Существует целый ряд случаев, в которых эта проблема не вста­ет по крайней мере

в острой форме. В небольших и примитивных сообществах с простой социальной

структурой [Небольшое количество членов и концентрация людей на небольшом

пространстве имеют в данном случае существенное значение. Примитивность

цивилизации и простота структуры важны в меньшей степени, но наличие этих

условий значительно облегчает функционирование механизма демократии.] не

существует больших разногласий между ее составляющими. В данном случае все

индивиды, составляющие народ, как его определяет конститу­ция, участвуют во всех

делах законодательства и управления. Конечно, определенные трудности остаются

даже в таких случаях, и специалист, занимающийся психологией группового

поведения, добавил бы к сказанному еще кое-что о лидерстве, способах

мани­пулирования общественным мнением и других существенных отличиях реальной

модели от популярного идеала демократии.
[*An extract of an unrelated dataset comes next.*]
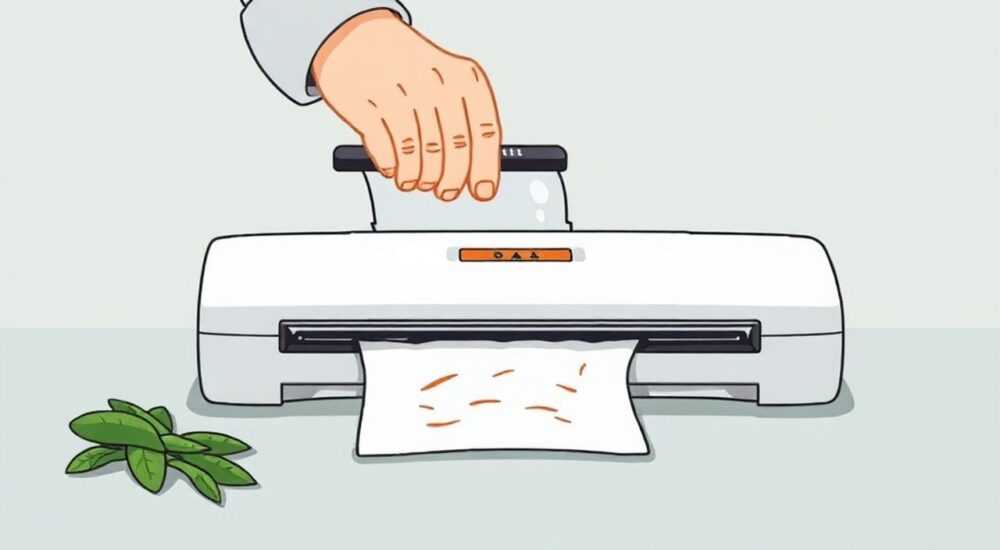 Вакууматор vacuum sealer z как пользоваться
Тем не менее здесь, очевидно, имело бы

смысл говорить о воле и о правлении народа, особенно в тех случаях, когда люди

приходят к политическим решениям посредством публичных дебатов, осуществля­емых

в присутствии каждого члена сообщества, как это было, скажем, в греческом полисе

или на городских собраниях Новой Англии. Эти последние примеры, иногда

квалифицируемые как проявления "прямой", "непосредственной" демократии,

послужили от­правным пунктом для размышлений на эту тему многих политологов.

Во всех остальных случаях неизбежно встает уже названная на­ми проблема - как

технически осуществить правление народа и осуществимо ли оно вообще. Можно было

бы несколько ослабить ее остроту, но при условии, что мы готовы отбросить в

сторону термин "правление народа" и заменить его понятием "правления,

одобренного народом". Многое нужно еще сказать по этому поводу.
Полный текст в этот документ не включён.